A point of dispute emerged over Foreign Minister Gebran Bassil, the son-in-law of President Michel Aoun. The protesters have trained much of their vitriol on the two men, who are allied with Hezbollah, but Aoun has reportedly insisted on remaining in office and keeping Bassil in his post. Hezbollah, which has three ministers in the government, has stuck by its allies and was opposed to Hariri’s decision to resign.
What happens next
If he accepts his resignation, Aoun will task the now-resigned government to continue in a caretaker capacity. Under the constitution, he then has to hold binding consultations with the heads of parliamentary blocs to ask them for their choice of a new prime minister. He could then appoint Hariri or another individual from the Sunni community to form a government. In Lebanon’s system, the presidency is reserved for a Christian, the prime minister is Sunni and the parliament speaker is Shiite.
Aoun has the right in principle to reject Hariri’s resignation, but he could then refuse to call for Cabinet meetings.
The process of forming a new Lebanese government typically takes several months. It took Lebanon’s factions two and a half years to agree on the current president, and it took nine months to form Hariri’s now-embattled government.
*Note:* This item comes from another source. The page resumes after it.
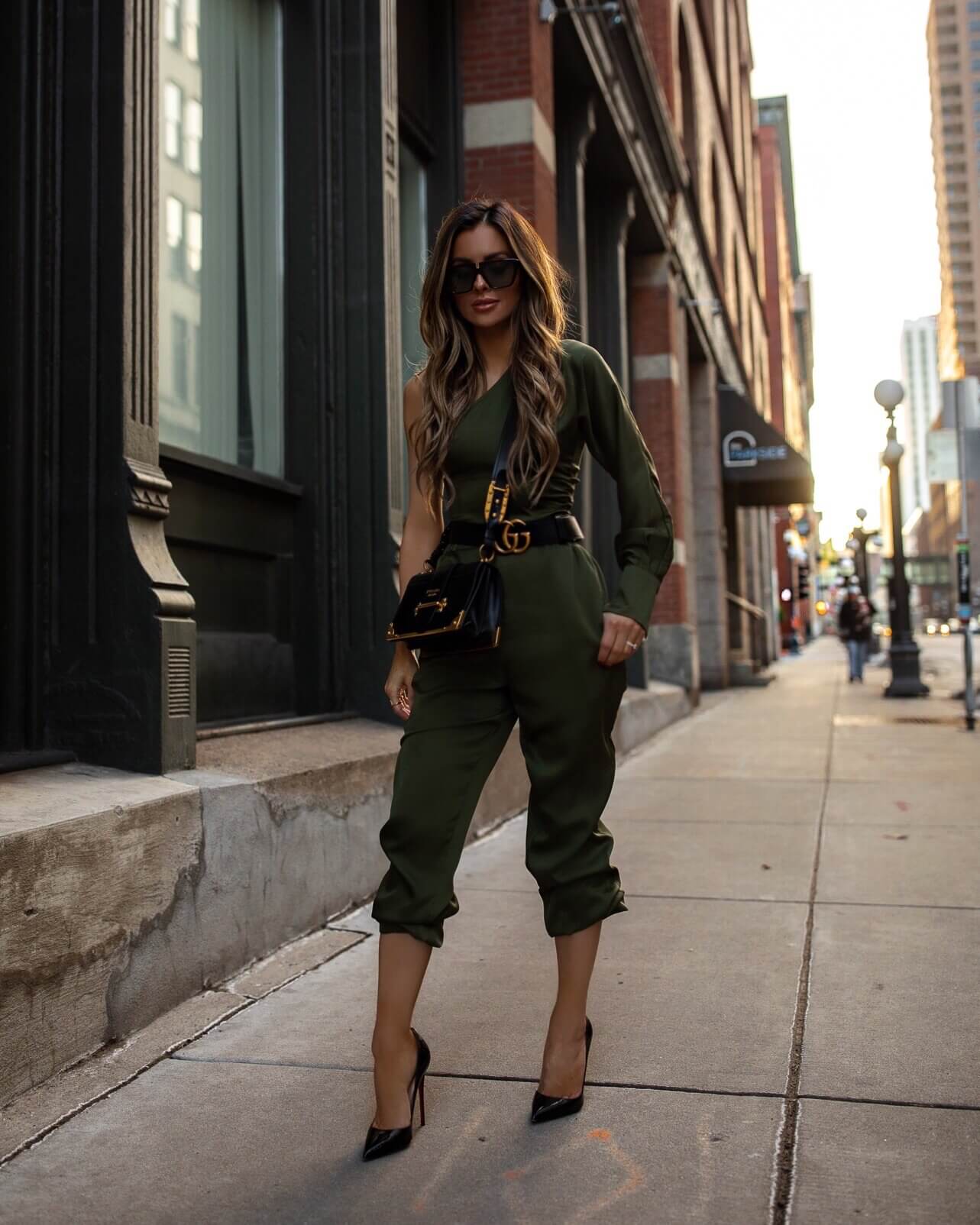 fashion blogger mia mia mine wearing an olive green jogger set from revolve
This time, however, the country is in the grip of a severe economic crisis that has only worsened since the protests began, with banks, schools and businesses having been closed for two weeks.
Rocky path ahead
Political tensions also are rising after Tuesday’s clashes.
“In this context, it is incredibly difficult to see them agreeing on any one new name,” said Maha Yahya, director of the Carnegie Middle East Center.
That would leave Hariri in place as head of a caretaker government.
“His capacity to address the economic crisis and possible economic and financial collapse will be curtailed even more,” Yahya said. “A devaluation of the Lebanese pound will likely lead to even more social unrest and turbulence on the street.”
The protesters have adamantly rejected the entire political class, calling for overthrow of the postwar regime. Acquiescing to those demands would essentially require those who have led the country for three decades to legislate themselves out of existence. The leaders reject that.